Following on from my piece on Harringay's Salon du Bal in the jazz age, I've been unsuccessfully trying to find out more about the contemporary Palais de Dance in Finsbury Park.
I can find very little on the venue at all, most particularly its precise location.
What I have been able to ascertain is that the Palais de Dance in Finsbury Park was a popular Jazz dancing club between 1920 and, I think, the early 1930s.
I had assumed that it was connected with other venues of the same name. A more atmospheric photo of the much better documented Hammersmith Palais de Danse shows the same leaning towards Chinoiserie.
However a report of a court case in 1922 between the owners of the Hammersmith Palais and the Finsbury Park one shows that the ownership was not common. (Reported in the Bioscope, 19th January 1922, attached below)
Hammersmith Palais de Dance, c 1920
The closest I can get for a location for the Finsbury Park club is provided in a memoir of growing up in north London in the 1920s and 1930s (King's Cross Kid: A London Childhood between the Wars) by Victor Gregg.
The author placed the venue "almost opposite the posh new Astoria cinema".

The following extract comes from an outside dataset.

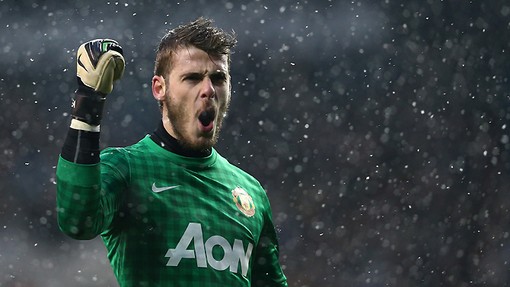 Давид Де Хеа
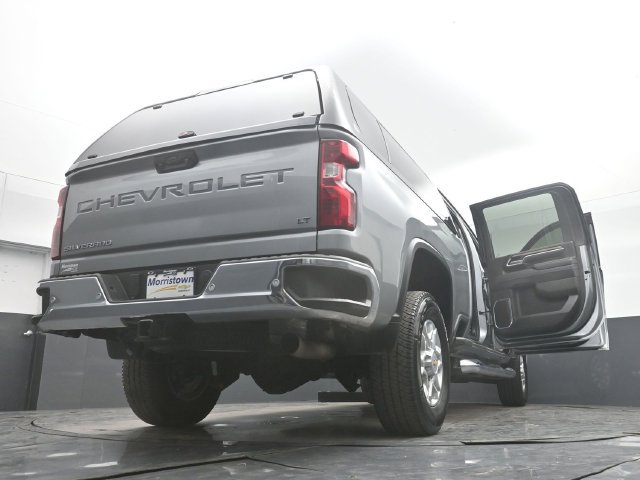 Used 2026 Chevrolet Silverado 2500 LT w/ All Star Edition AWD/4WD image 53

I've looked through local directories of the time but have been unable to find any mention of it. Nor can I find any mention of it in local newspapers or almost anywhere else.
The one thing I could find was a write-up in a weekly dance magazine from 1923, which I bought a copy of on ebay. But, apart from the photo, that's about the only evidence I can find that it ever existed. Nonetheless, the photo above and the article below do give some faint whiff of what it might have been like.
Popular Music & Dancing Weekly, 22nd March 1923
The cover of the issue that covered the Finsbury Park venue was pretty dull. But some of its contemporaries are very atmospheric.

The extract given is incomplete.